Document issu d’une loi adoptée le 29 octobre 2012 sous le gouvernement Rajoy I, le « Modelo 720 » ou « Formulaire 720 » impose aux personnes physiques et morales résidant sur le sol espagnol, de déclarer à l’administration fiscale leurs comptes ouverts dans des établissements financiers à l’étranger, leurs valeurs, droits, contrats d’assurances ou revenus placés, gérés ou obtenus à l’étranger, leurs biens immobiliers ou droits portant sur des immeubles situés à l’étranger. Destiné à lutter contre l’évasion fiscale, cette mesure concernant les biens d’une valeur totale supérieure à 50.000€, s’applique aussi aux expatriés et se fait par voie numérique à l’Hacienda (Administration Fiscale).

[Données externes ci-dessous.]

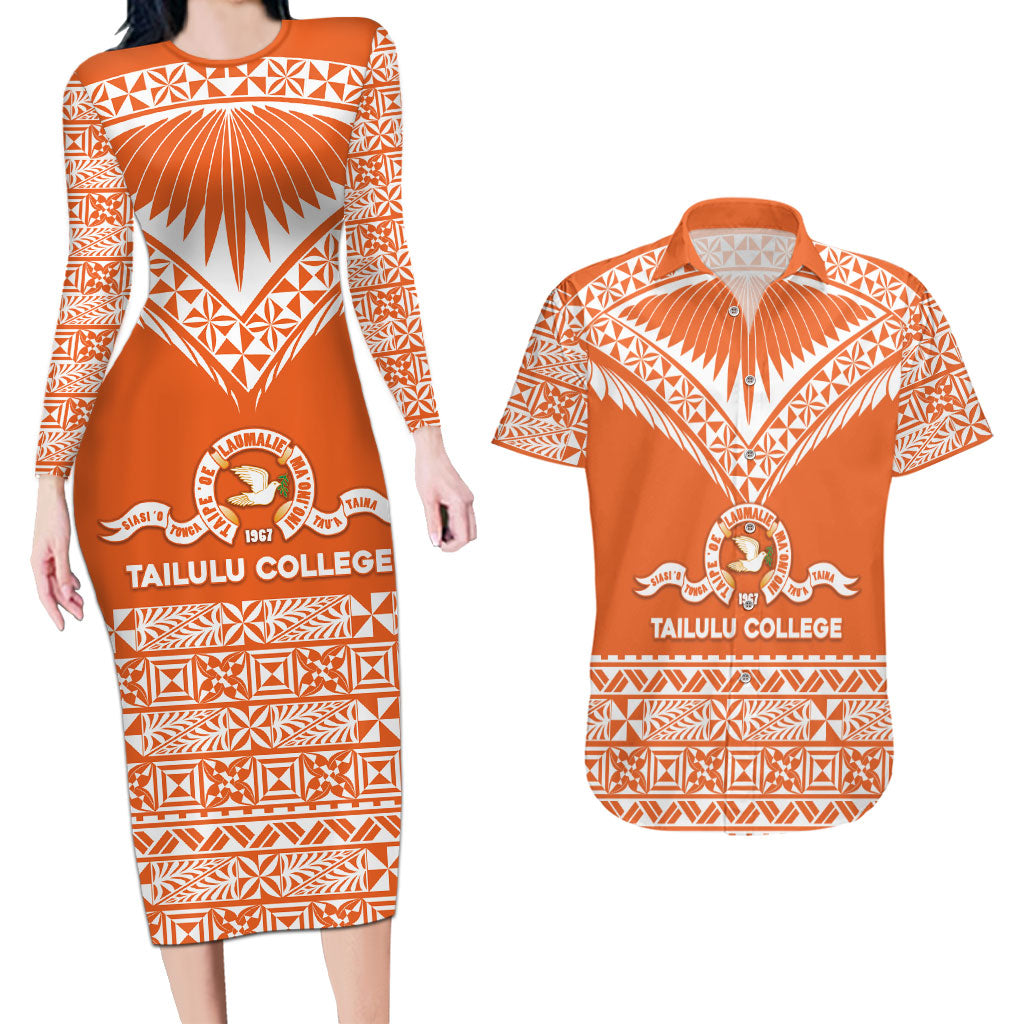 Personalised Tonga Tailulu College Couples Matching Long Sleeve Bodycon Dress and Hawaiian Shirt Tongan Kupesi Pattern LT05 Orange - Polynesian Pride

Une déclaration qui, selon les multiples retours, n’a rien de simple, ceci démontrant que les administrations fiscales françaises et espagnoles ont au moins un point commun. Tout retard dans cette démarche devant s’effectuer du 1er janvier au 31 mars, exposait les contrevenants à des amendes substantielles pouvant aller jusqu’à 30.000€ pour non-présentation du Modelo 720 et 1.500€ pour les retardataires, ainsi que toute une série de pénalités s’appliquant aux déclarations inexactes. Une Épée de Damoclès notamment suspendue au-dessus de la tête des Français résidant en Espagne et dont nombre d’entre eux sont des gens modestes.

Des plaintes portées par des cabinets d ́avocats fiscalistes et des associations professionnelles, ont conduit en 2013 la Commission Européenne à mener une enquête afin de déterminer si le régime de sanctions lié au Modelo 720, était contraire à la réglementation de l ́Union Européenne. Ce qui, suite à un rapport définitif bouclé en 2017, a amené la Commission Européenne à demander à l’Espagne de revoir sa législation à ce propos.

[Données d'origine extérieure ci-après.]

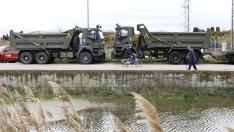 La riada del río Ebro ya ha alcanzado el pueblo zaragozano de Novillas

En l’absence de réaction de l’État, la Commission Européenne a, en 2019, porté plainte contre l’Espagne auprès de la Cour de Justice de l’Union Européenne. Parallèlement, les tribunaux espagnols s’étaient mobilisés pour accorder gain de cause à un nombre toujours plus important de contribuables contestant les sanctions dont ils avaient été l’objet. La Cour de Justice de l’Union Européenne a émis le 27 janvier 2022 un arrêté, selon lequel le régime de sanctions pour non-dépôt ou dépôt tardif avec ou sans mise en demeure, ainsi que le régime de plus-values non justifiées et la sanction de 150% correspondante, sont contraires à la réglementation européenne.

Une décision qui n’annule pas l’obligation de déclarer les avoirs à l’étranger, mais retoque les sanctions et a conduit le Gouvernement Espagnol à revoir en toute hâte sa législation fiscale en mars 2022, ramenant alors la pénalité pour retard ou défaut de présentation à 200€. Ce qui soulage nombre de résidents fiscaux espagnols. Mais le Modelo 720 n’est toujours pas un modèle de simplicité et chose plus grave encore, une sanction de 200€ n’incite pas les vrais évadés fiscaux à la régularisation. Il faudra donc que les autorités du pays planchent sérieusement sur le dossier, mais dans l’immédiat, la Cour de Justice de l’Union Européenne, sollicitée par la Commission Européenne, rend plus facile la vie des citoyens lambda.